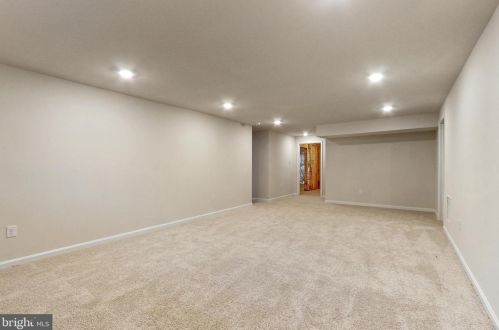 101 Brookside Ln, Gettysburg PA  17325-2026 exterior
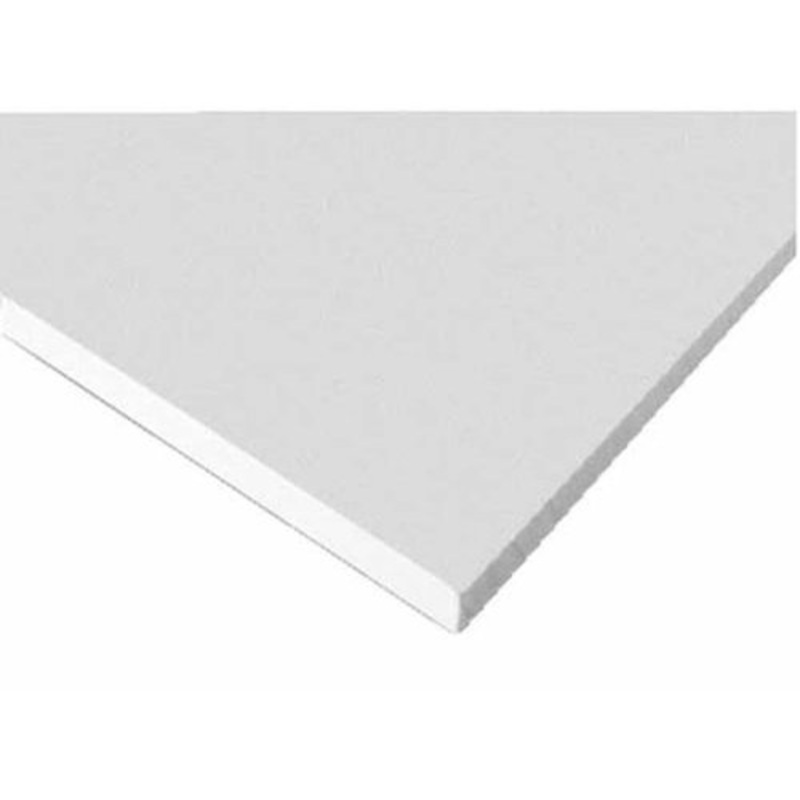 SEAL KIT PWR TRM MC#25-87400A2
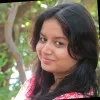 Suchi Agrawal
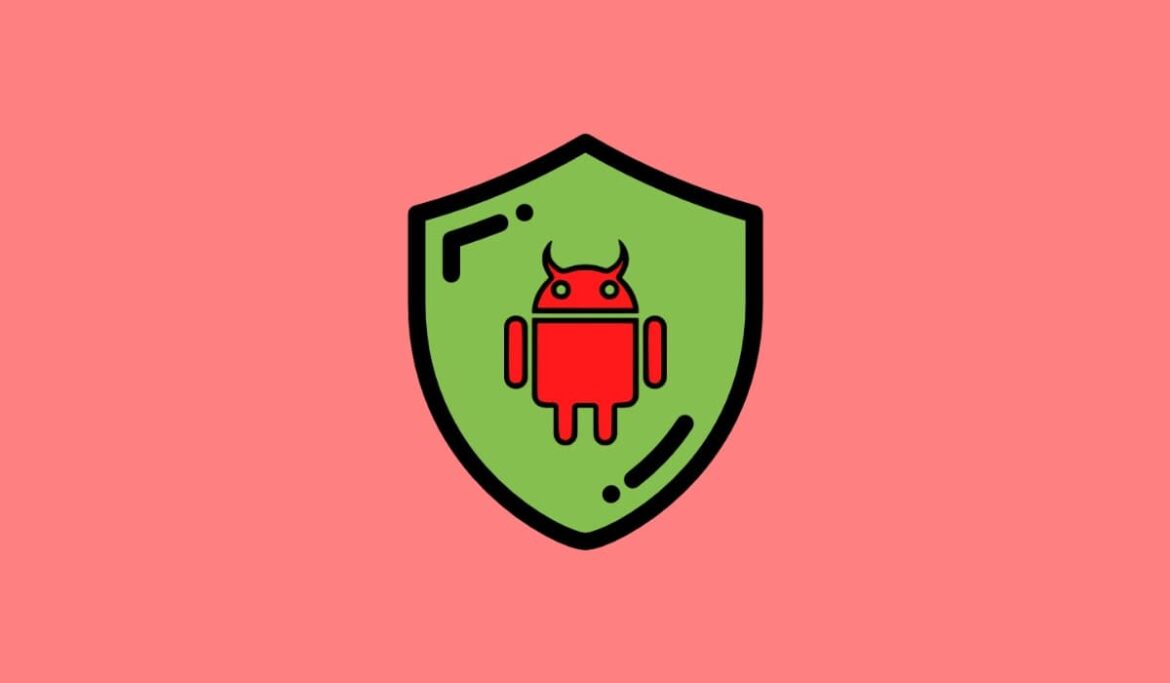 security-app-play-store-sharkbot-malware-trojan.jpg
================
→ The problem
When you reach a picture, pass over it; write out all other material exactly.

→ Answer to this task
 101 Brookside Ln, Gettysburg PA  17325-2026 exterior
 SEAL KIT PWR TRM MC#25-87400A2
 Suchi Agrawal
 security-app-play-store-sharkbot-malware-trojan.jpg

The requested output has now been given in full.